John Cleese. Photo: BANG Showbiz

British actor and comedian John Cleese took to social media on Tuesday to clarify claims about him canceling a series of sold-out shows in Israel, a move that a local promoter blamed on pressure from supporters of the boycott, divestment, and sanctions (BDS) movement against the Jewish state.

The “Monty Python” actor, 86, was set to perform a series of shows in Jerusalem and Tel Aviv in late November and early December. All of the performances were to be moderated by Israeli entertainer and comedian Tzivka Hadar.
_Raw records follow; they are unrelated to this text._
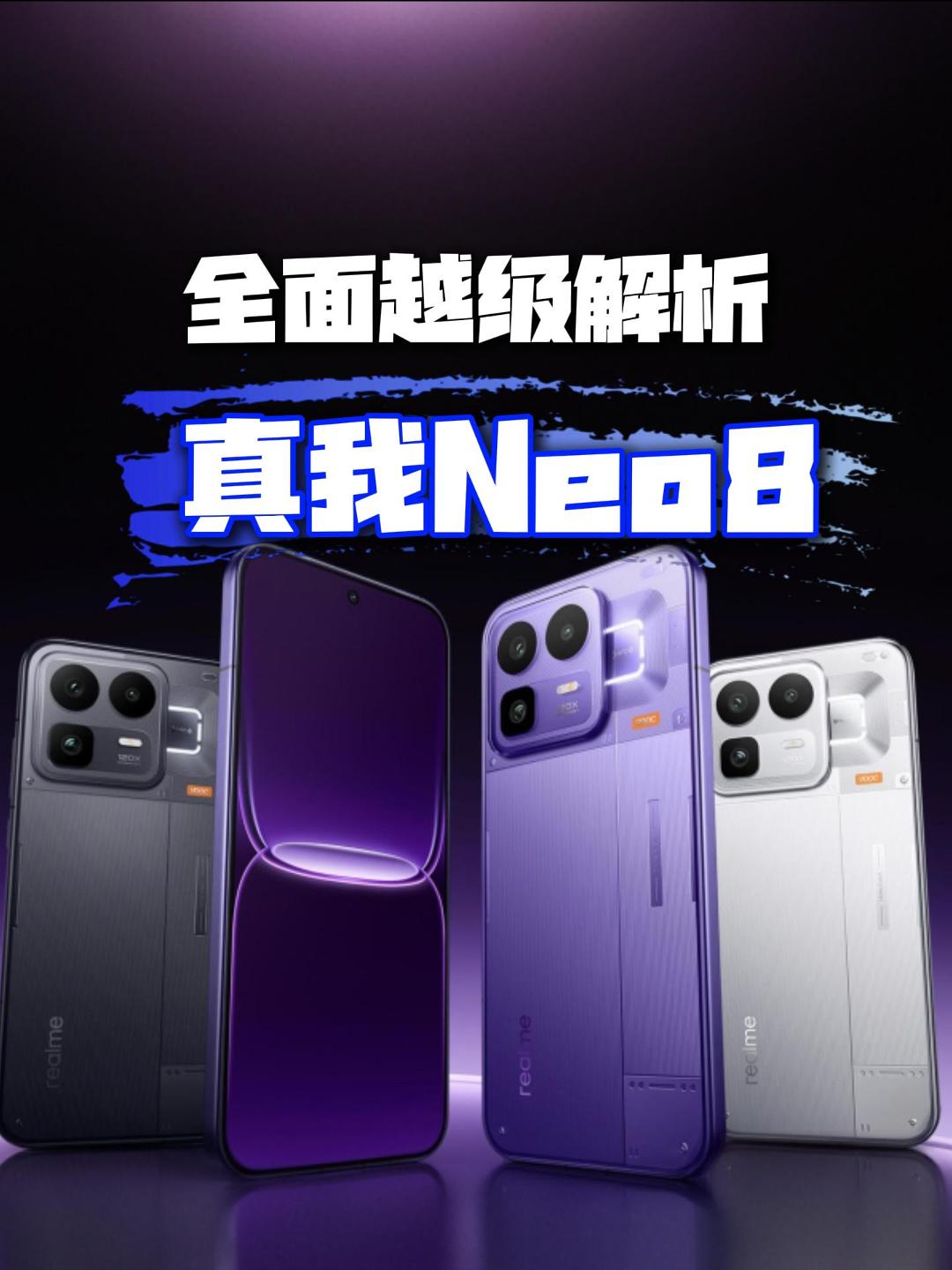 2399元起！PC掌机+骁龙8，真我Neo8杀疯了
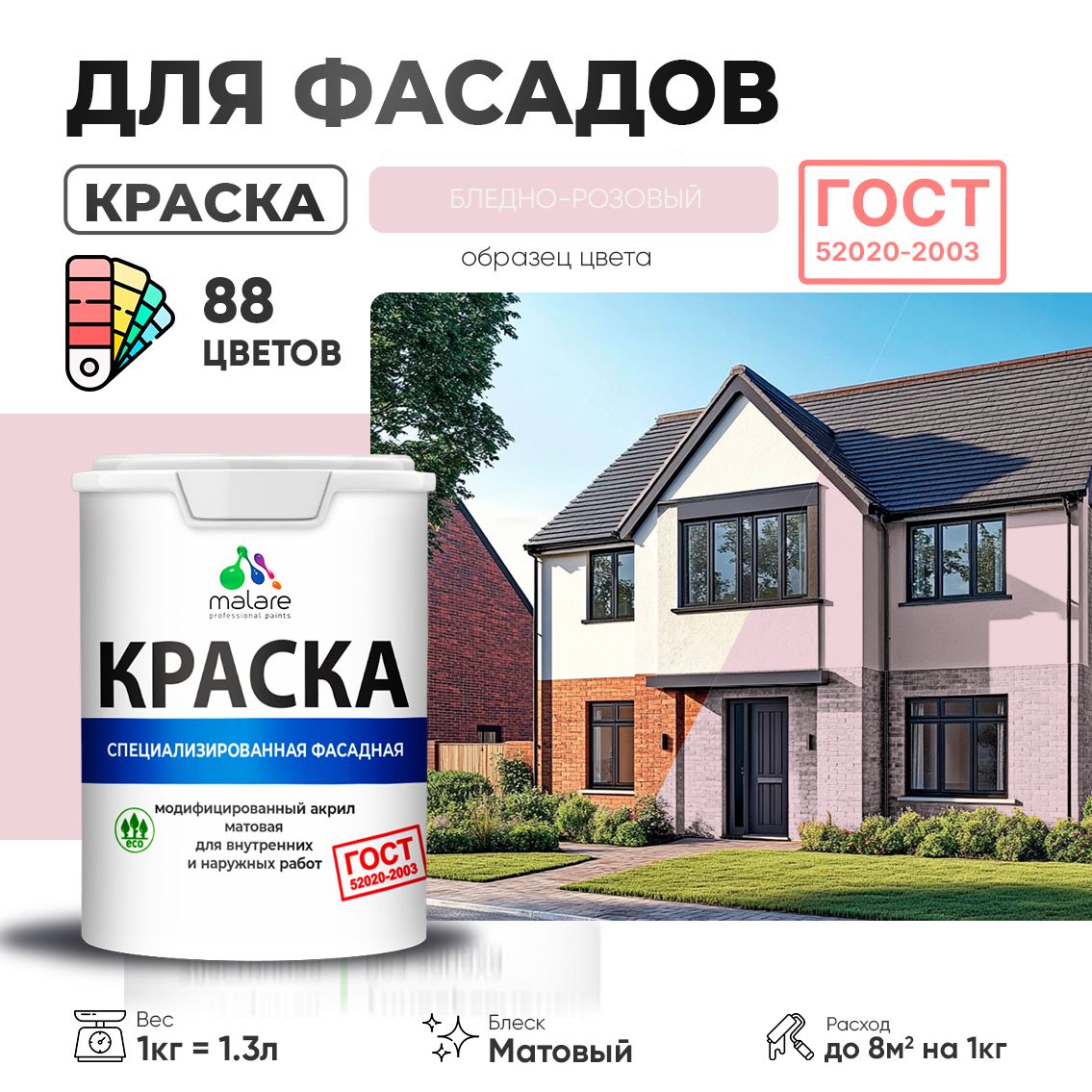 Акриловая фасадная краска Malare ГОСТ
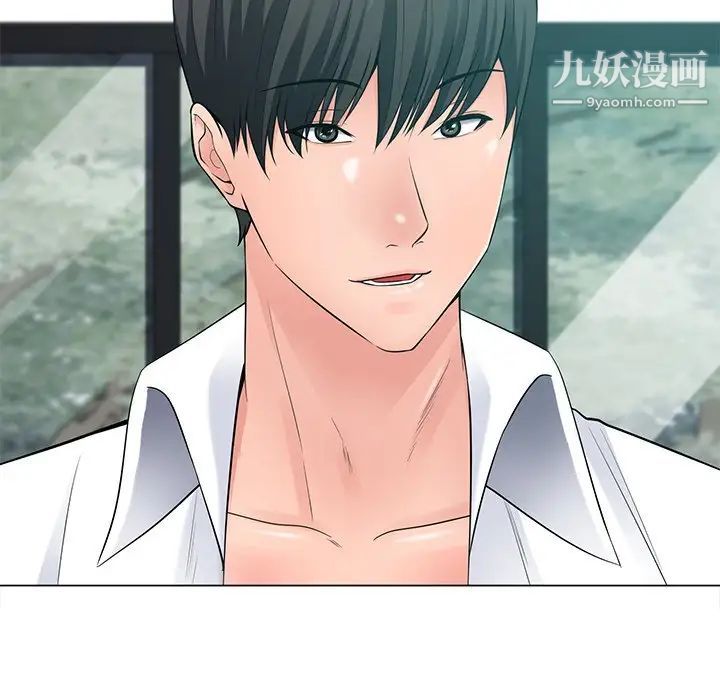 相差一轮第21话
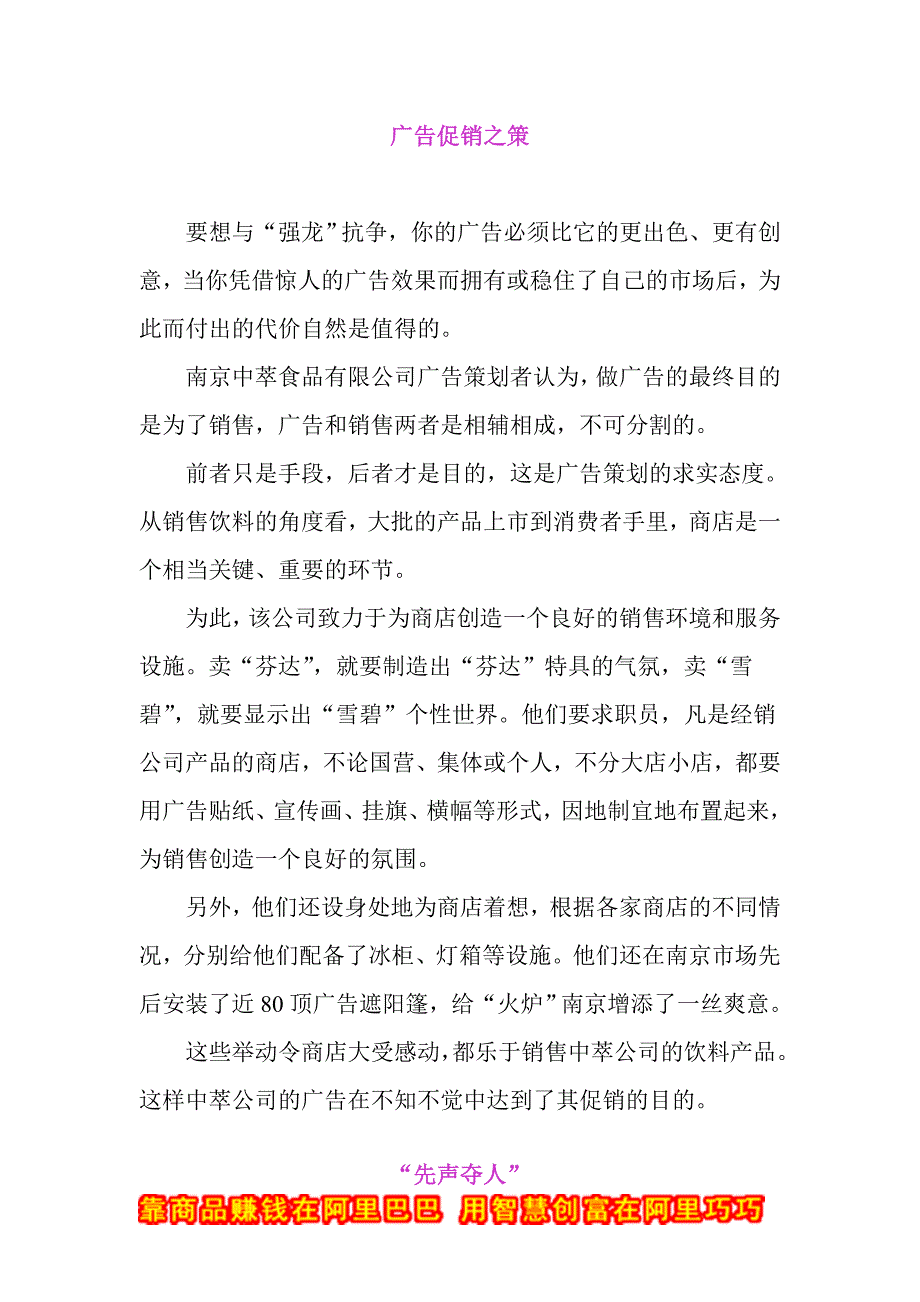 （广告传媒）世界广告站创意篇5_第3页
Alon Yurik Productions, the promoter behind the shows, issued a statement on Monday night claiming that Cleese called off the sold-out shows after he “succumbed to threats from BDS organizations,” according to The Jewish Chronicle.

In a social media post on Tuesday morning, Cleese explained that “contrary to the claims made by Alon Yurik Productions,” he rescheduled his shows in Israel “following advice about safety” because “at 86, that is obviously all important.”

“I will rearrange these shows as soon as it’s possible – and I would be happy to perform without receiving any fee,” he added. “I am hugely fond of Israeli audiences and send my sincere apologies to all the people who bought tickets.” The same performances were originally scheduled for June, but Cleese, who in 1975 created and starred in the sitcom “Fawlty Towers,” postponed the shows because of the war between Iran and Israel at the time.

The actor has recently shared on social media several posts that criticize Israel, the Israel Defense Forces (IDF), and Israeli Prime Minister Benjamin Netanyahu. He shared a video of Jewish actor Mandy Patinkin blasting Netanyahu and another clip of American actor Mark Ruffalo talking about severing ties with friends who justify Israel’s military actions targeting the Hamas terror group in the Gaza Strip over the past two years. Cleese also shared posts that promote fake news, including a claim that a former IDF soldier admitted to killing “countless babies for Israel,” which he never said.

In another post, Cleese commented “unbelievable” regarding a tweet of a fake quote attributed to former Israeli Ambassador to the United Kingdom Tzipi Hotovely. The fake quote reads: “There could be a million dead Palestinian children and I would still sleep well in the evening.” Hotovely said during an interview on “Piers Morgan Uncensored” over the summer: “We [Israel] never target civilians. Israel is not killing children, Hamas is using them as human shields … Israel is not deliberately killing children and this accusation is a fake thing.”